» Task requirements
With the pictures omitted, please transcribe exactly the lines beginning at the one that contains "Programme immobilier neuf" and ending with the last line of the records below.

» Image-caption web data
_____

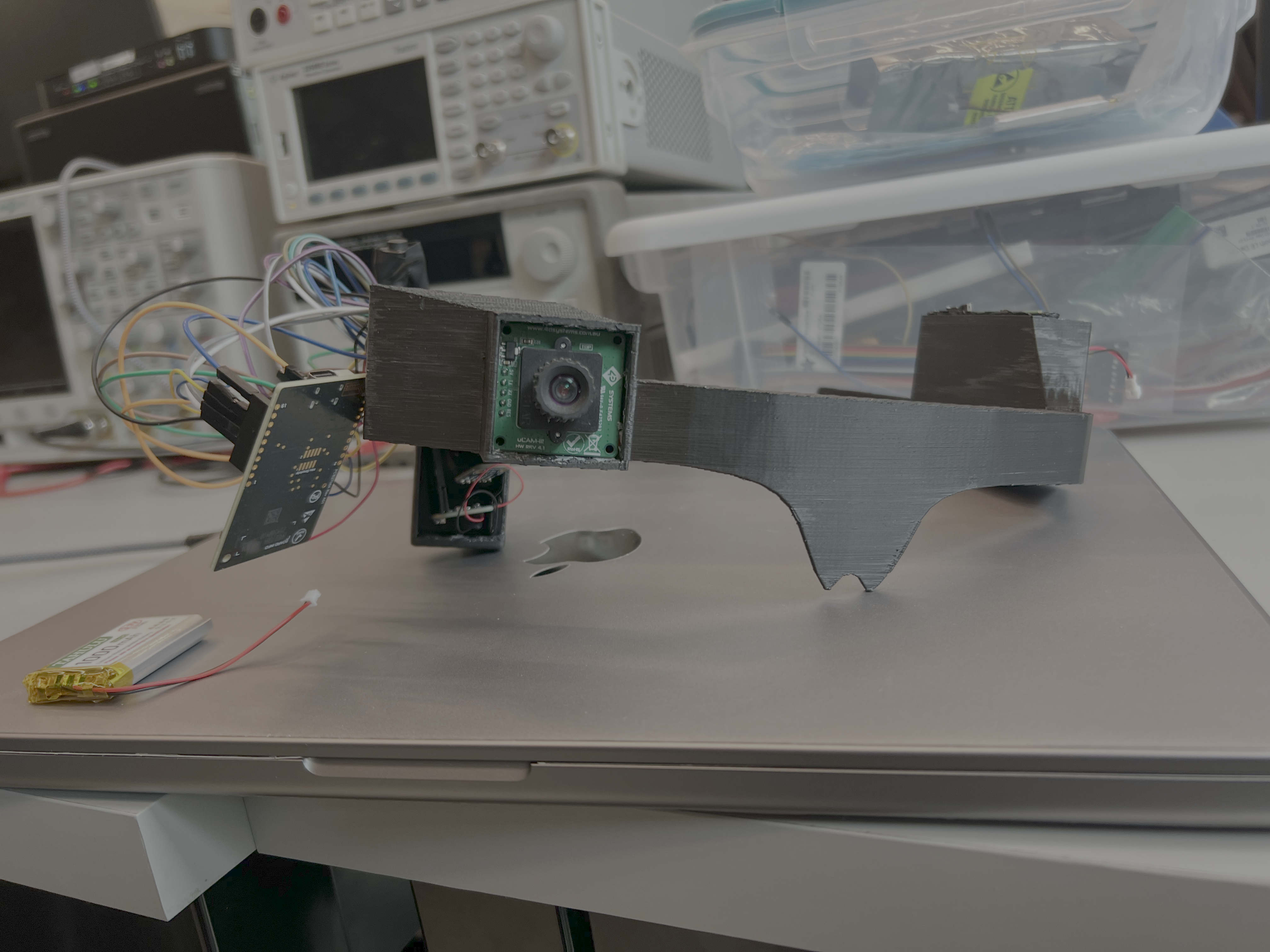 Casework and mounting detail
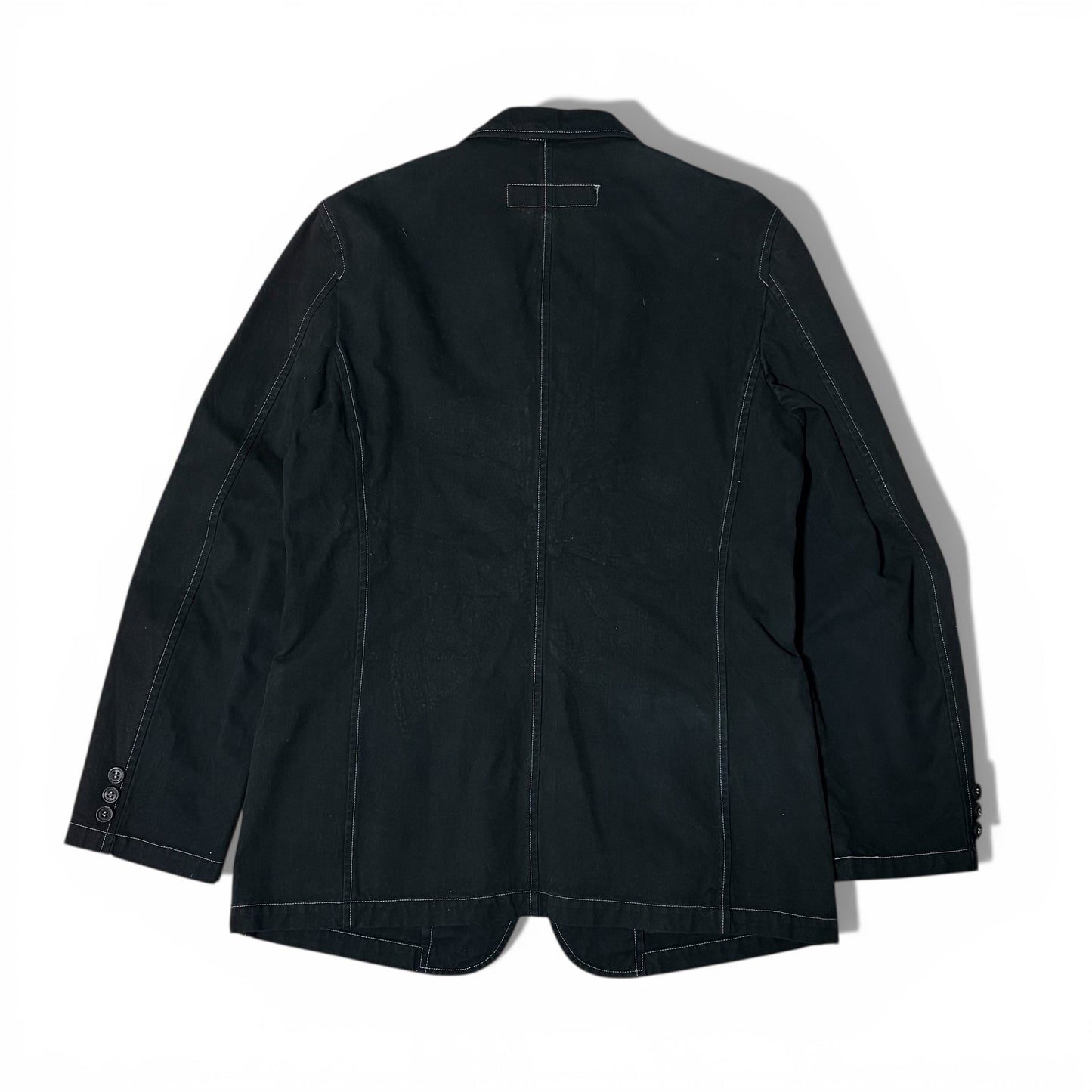 Comme des Garcons 03SS HOMME Cuba Cotton Jacket Black Size S
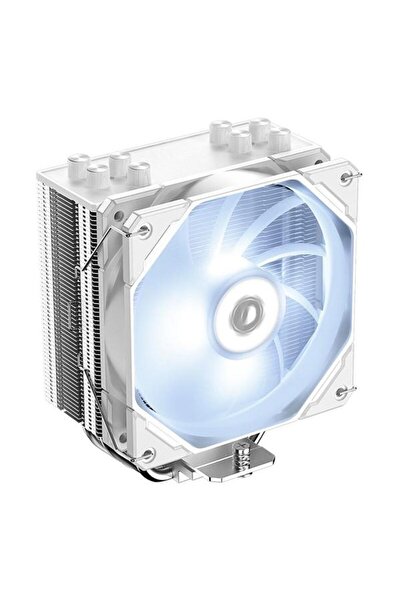 ID-COOLİNG Cooler procesor SE-224-XTS, compatibil AMD/Intel (Alb)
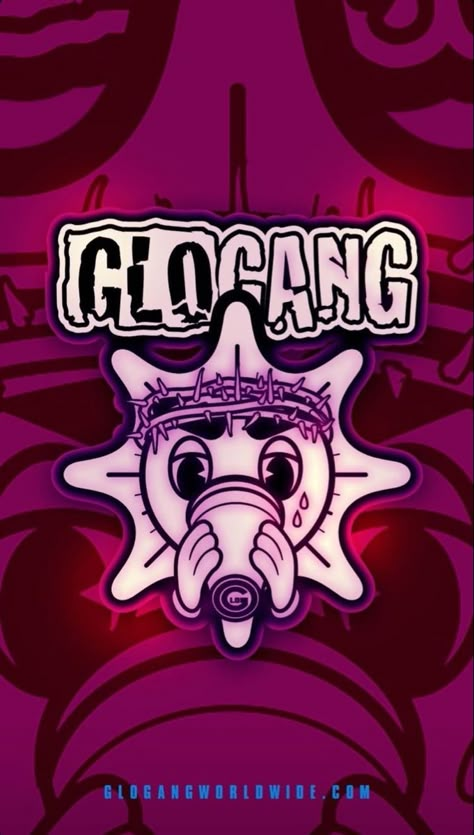 Glo Gang Wallpaper Iphone, Glo Gang Wallpaper, Glo Gang Tattoo, Sosa Wallpaper, Chief Keef Wallpaper, Glo Gang, Dark Iphone Backgrounds, Really Cool Wallpapers, Anuel Aa Wallpaper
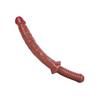 KahveRengi 38 cm Jop Dildo Model No 1070
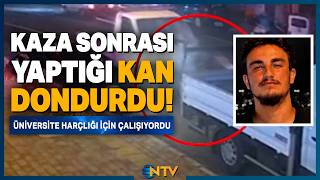 Üniversiteli Kuryeyi Ezen Sürücünün Araçtan İnince Yaptığı Şey Kan Dondurdu Ntv
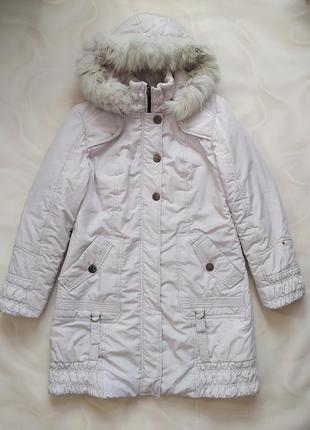 Зимнее пальто стеганое с капюшоном, пуховик, удлиненная куртка, зима, еврозима, valdini2 фото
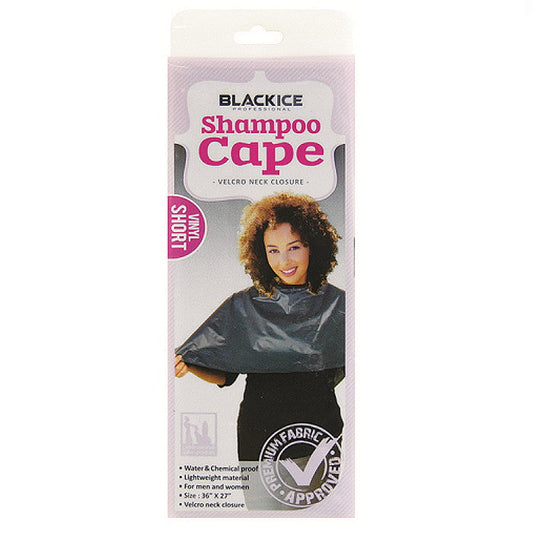 Blackice Professional SHAMPOO CAPE VINYL SHORT/LONG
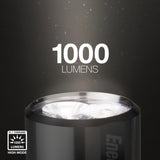 1000-Lumen 7 Modes LED Rechargeable Flashlight ENPMHRL7H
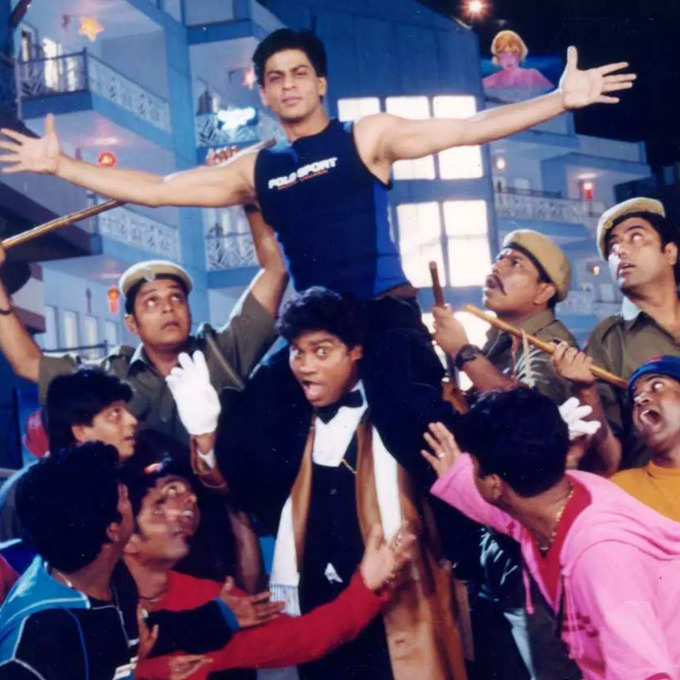 johnny lever srk badshah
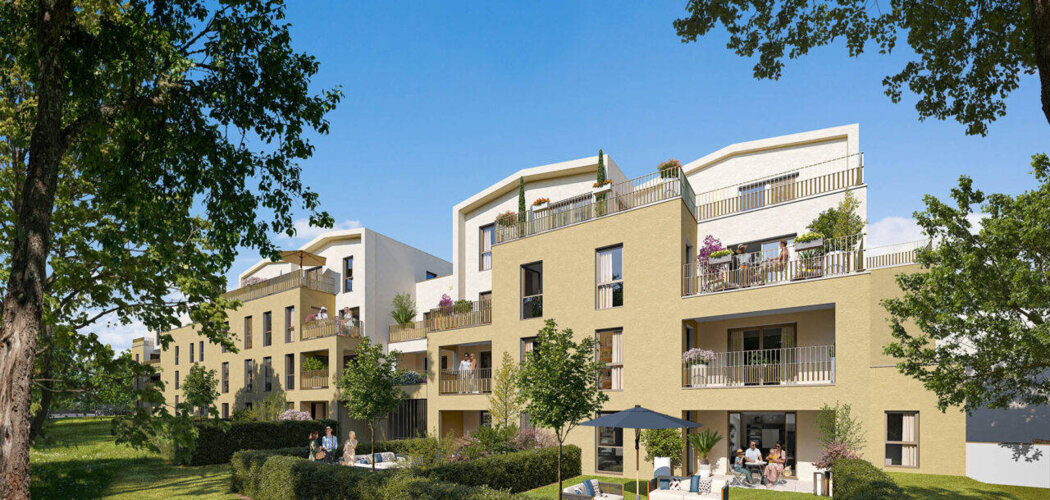 Programme immobilier neuf Villas Mont d'Or - Saint-Didier-au-Mont-d’Or adresse d’exception proche du métro D (69370) - Référence : 16085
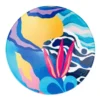 Maxwell & Williams Kasey Rainbow Be Fierce Ceramic Coaster Blue Amazonia 10cm In Multi -Homeware Haven Shop 934404400 1 720x928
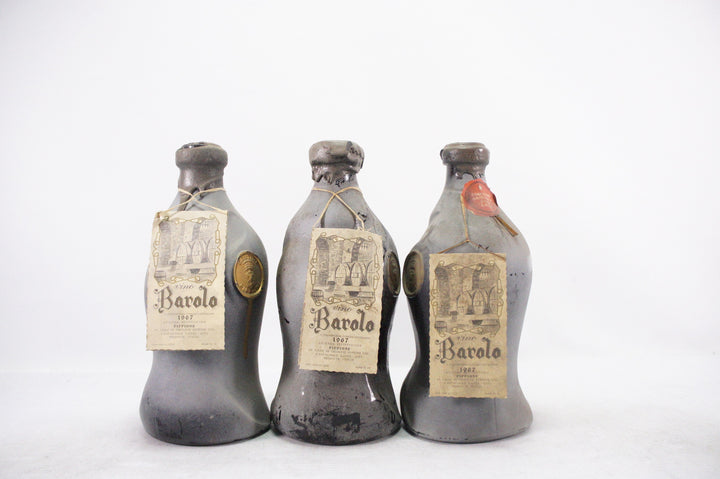 Giovanni Pippione Barolo Bottiglia Storica 1967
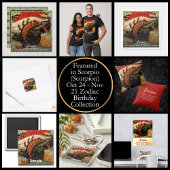 Skorpio das Skorpion Zodiac Zeichen Geburtstag Puzzle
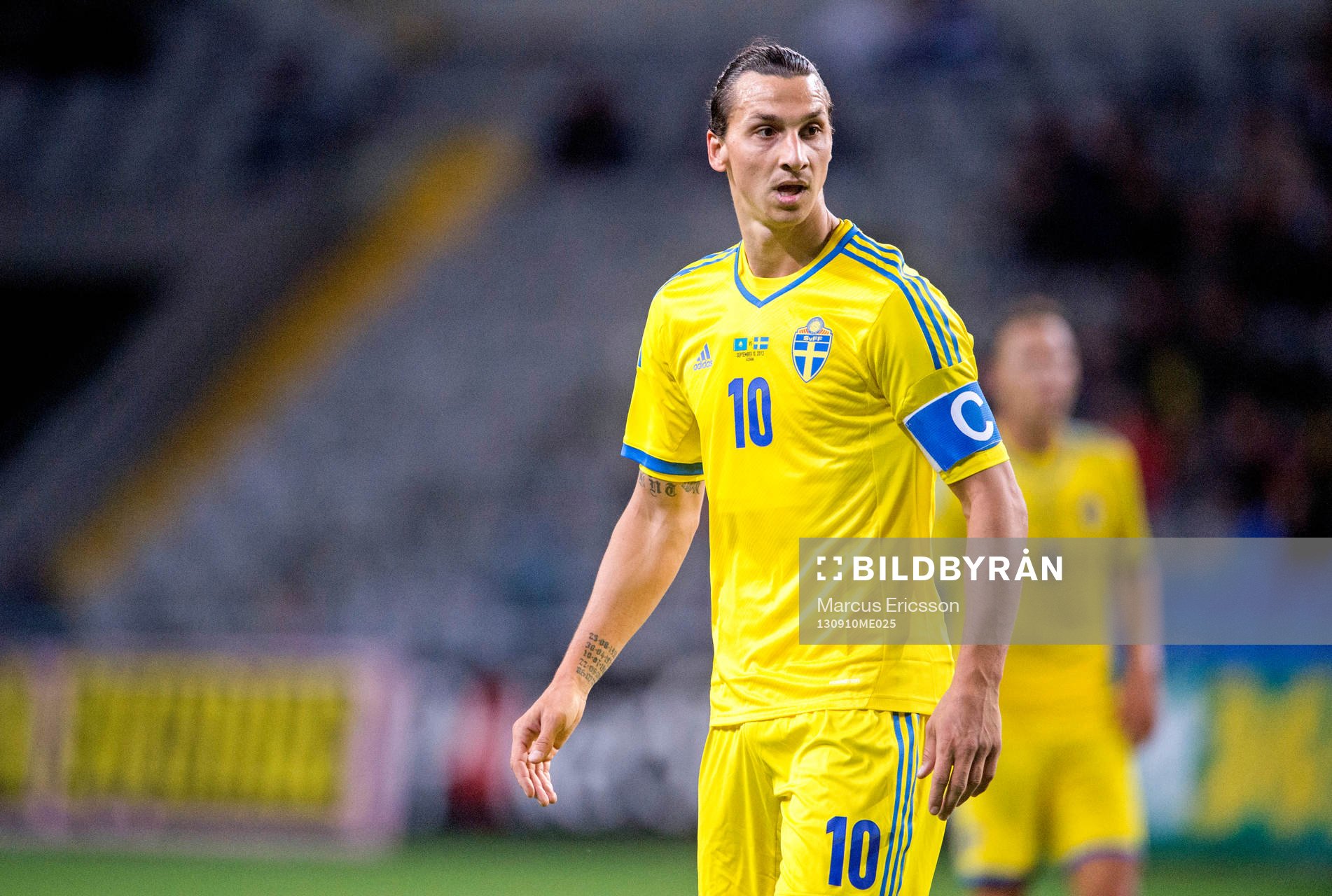 Sveriges Zlatan Ibrahimovic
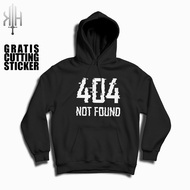 Hoodie 404 Not Found-Men's Sweater-Women's Sweater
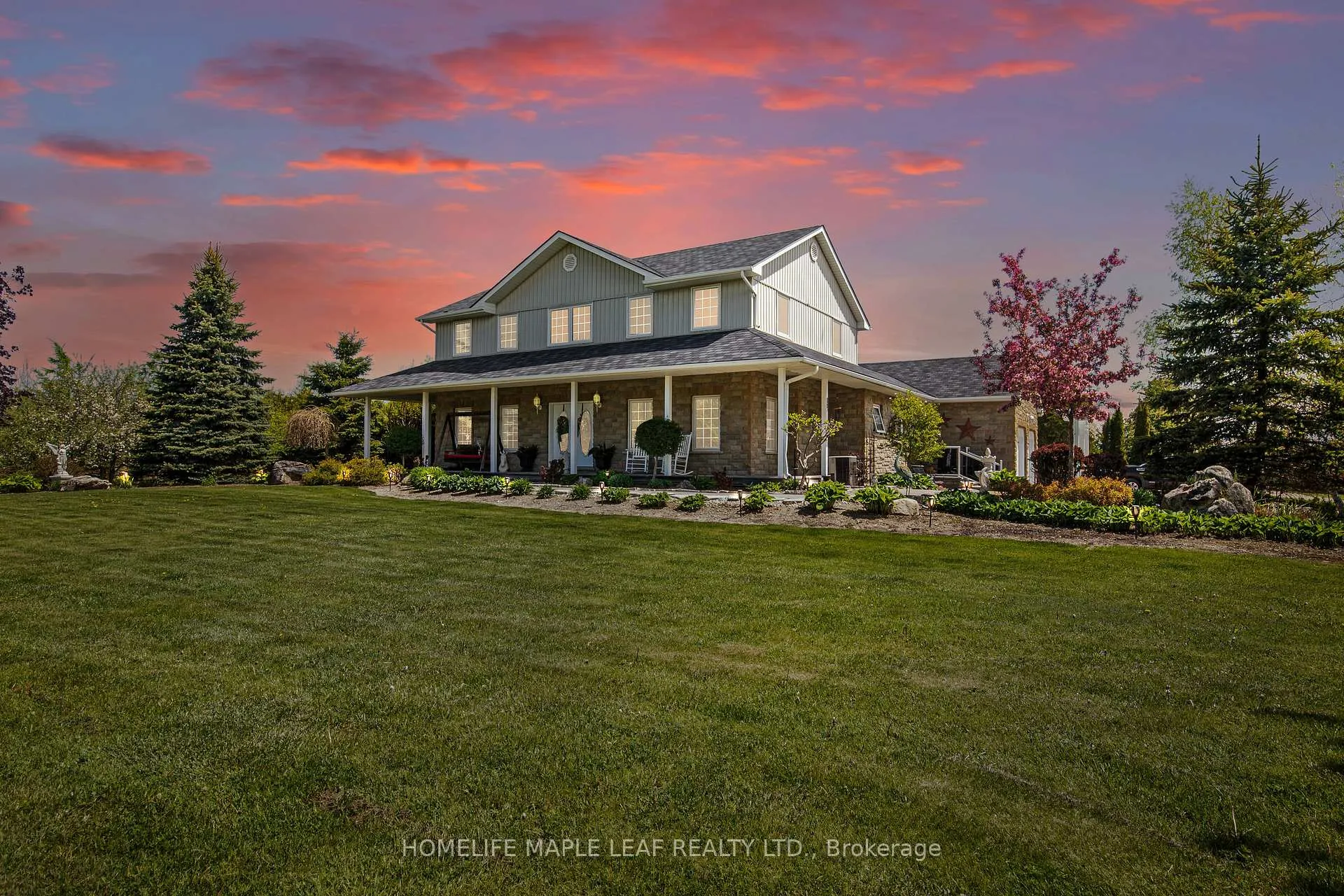 Photo 1 of 473429 County Road 11, Amaranth, Rural Amaranth — HOMEH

_____

» Final answer
 Programme immobilier neuf Villas Mont d'Or - Saint-Didier-au-Mont-d’Or adresse d’exception proche du métro D (69370) - Référence : 16085
 Maxwell & Williams Kasey Rainbow Be Fierce Ceramic Coaster Blue Amazonia 10cm In Multi -Homeware Haven Shop 934404400 1 720x928
 Giovanni Pippione Barolo Bottiglia Storica 1967
 Skorpio das Skorpion Zodiac Zeichen Geburtstag Puzzle
 Sveriges Zlatan Ibrahimovic
 Hoodie 404 Not Found-Men's Sweater-Women's Sweater
 Photo 1 of 473429 County Road 11, Amaranth, Rural Amaranth — HOMEH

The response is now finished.